- About this exercise: Print exactly, and only, the lines from the one that has "Ciężarówka porusza się" through the end of the material below, with both ends included and the pictures omitted.
---------- Records for processing ----------
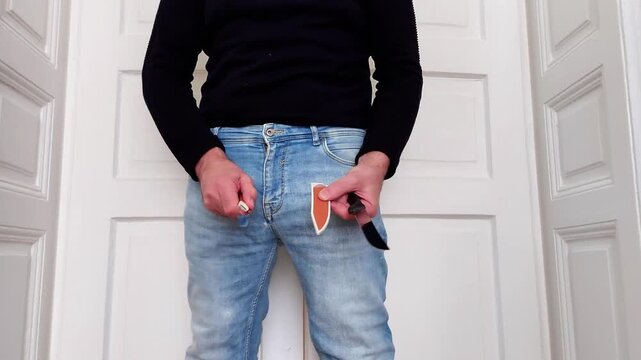 A figure in a black sweater and blue jeans stands against a white door. He holds a folding knife in one hand and its sheath in the other, demonstrating how to handle the tool safely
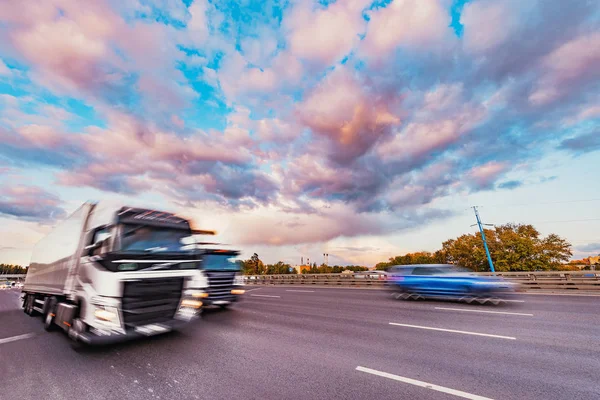 Ciężarówka porusza się szybko na autostradzie o zachodzie czasu. — Zdjęcie stockowe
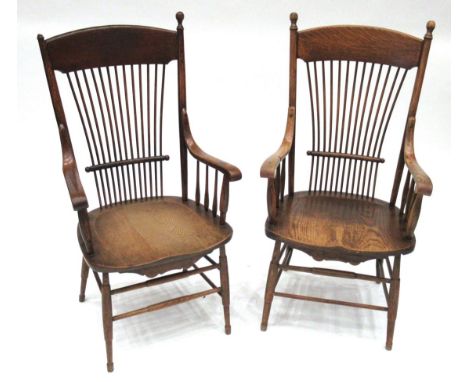 Two Thames Valley Beech, Elm and Oak Stick Back Chairs, with solid top rails above spindles, the arms raised on spindles, sha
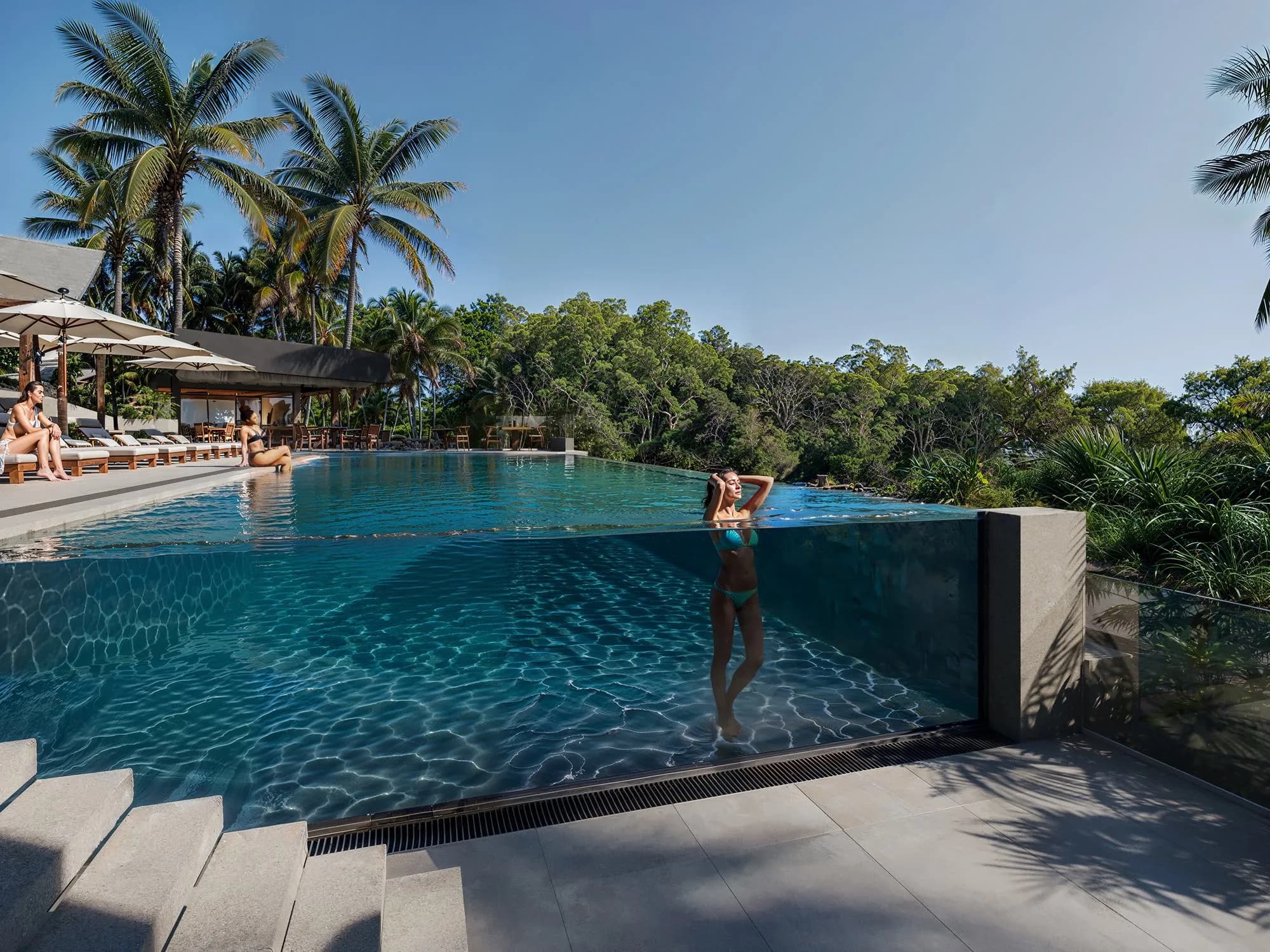 Moon Rock Villas amenity Infinity Pool with Glass Wall - Gianyar, Dubai - by Big Waves Development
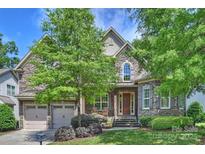 Beautiful stone-faced two-story home with a well-manicured lawn and attached two-car garage at 7428 Edenbridge Ln, Charlotte, NC 28226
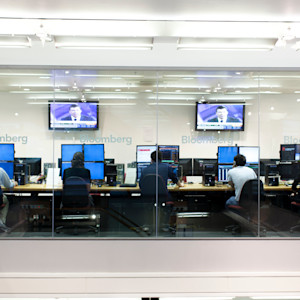 Five INTO Students work on large four screen computers at Bloomberg as part of BSc Investment and Financial risk management Five INTO Students work on large four screen computers at Bloomberg as part of BSc Investment and Financial risk management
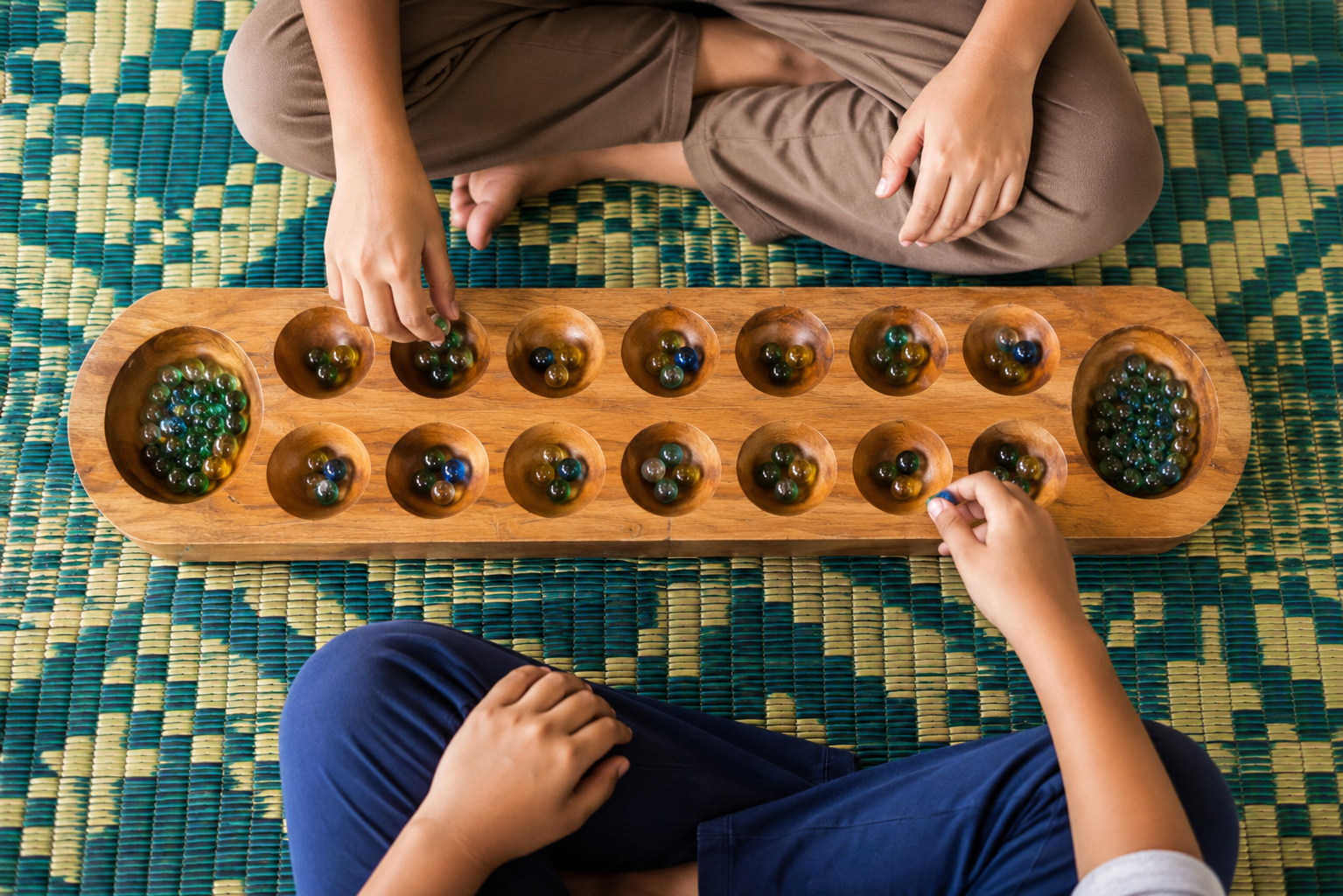 Two people playing Congklak on a wooden board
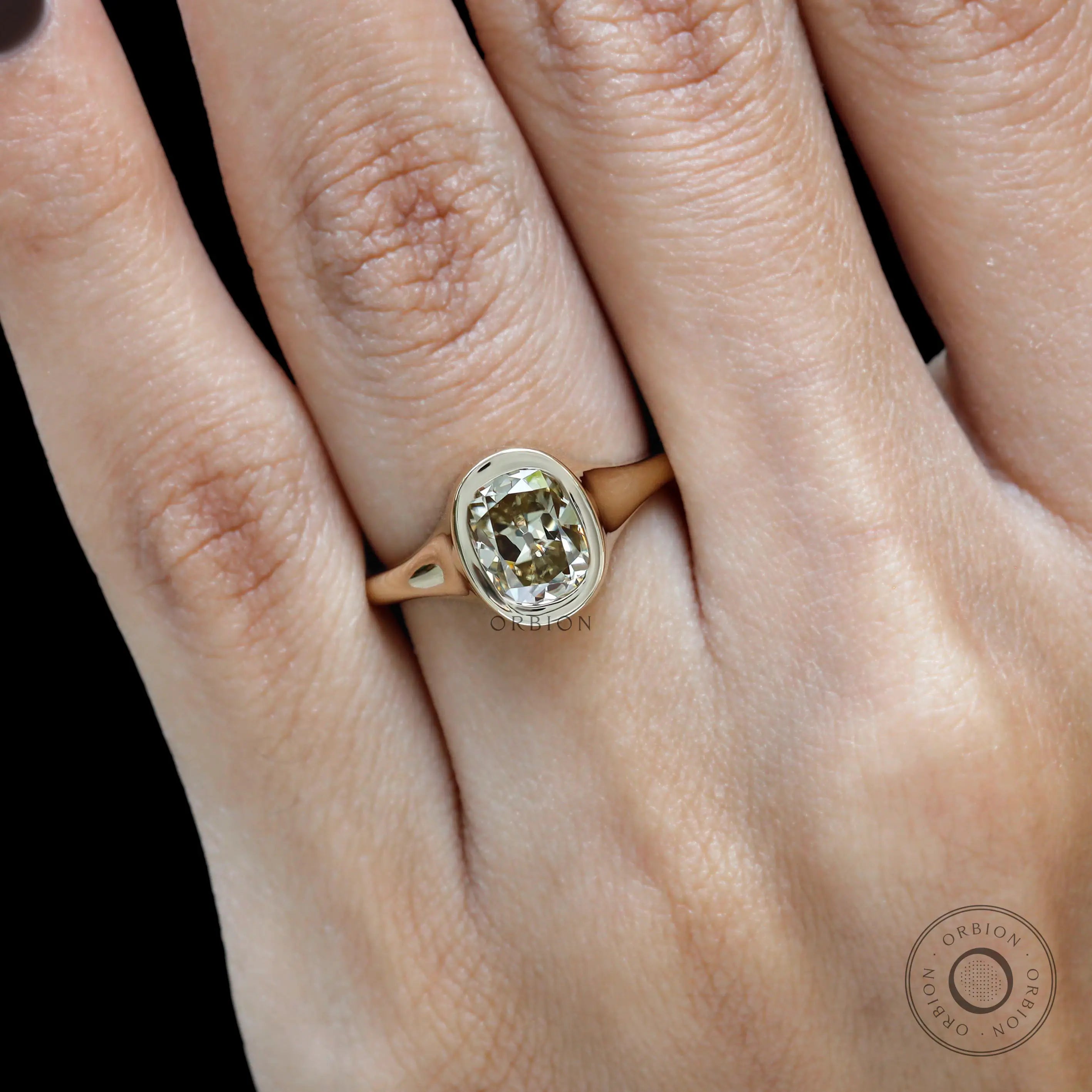 Minimalist signet style moissanite engagement ring on hand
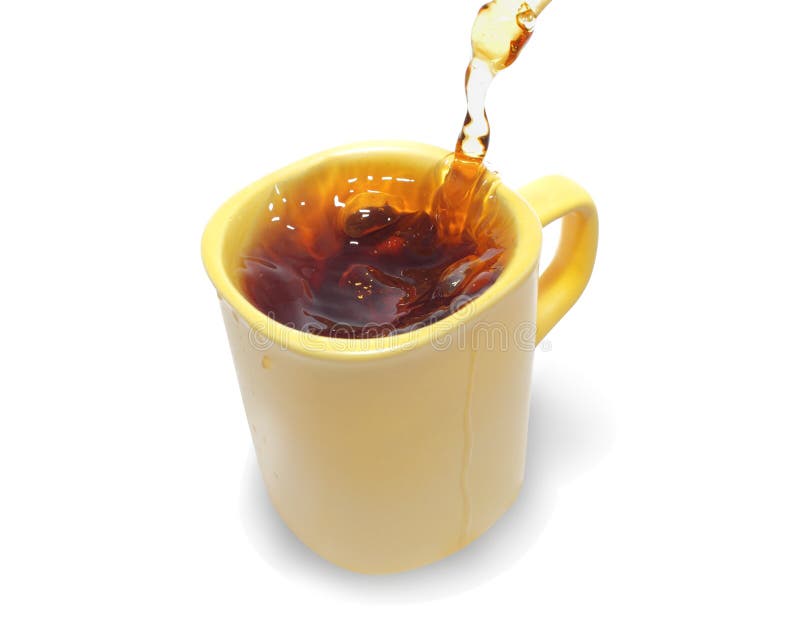 Tea being poured into tea cup on a white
----------
- Your solution:
 Ciężarówka porusza się szybko na autostradzie o zachodzie czasu. — Zdjęcie stockowe
 Two Thames Valley Beech, Elm and Oak Stick Back Chairs, with solid top rails above spindles, the arms raised on spindles, sha
 Moon Rock Villas amenity Infinity Pool with Glass Wall - Gianyar, Dubai - by Big Waves Development
 Beautiful stone-faced two-story home with a well-manicured lawn and attached two-car garage at 7428 Edenbridge Ln, Charlotte, NC 28226
 Five INTO Students work on large four screen computers at Bloomberg as part of BSc Investment and Financial risk management Five INTO Students work on large four screen computers at Bloomberg as part of BSc Investment and Financial risk management
 Two people playing Congklak on a wooden board
 Minimalist signet style moissanite engagement ring on hand
 Tea being poured into tea cup on a white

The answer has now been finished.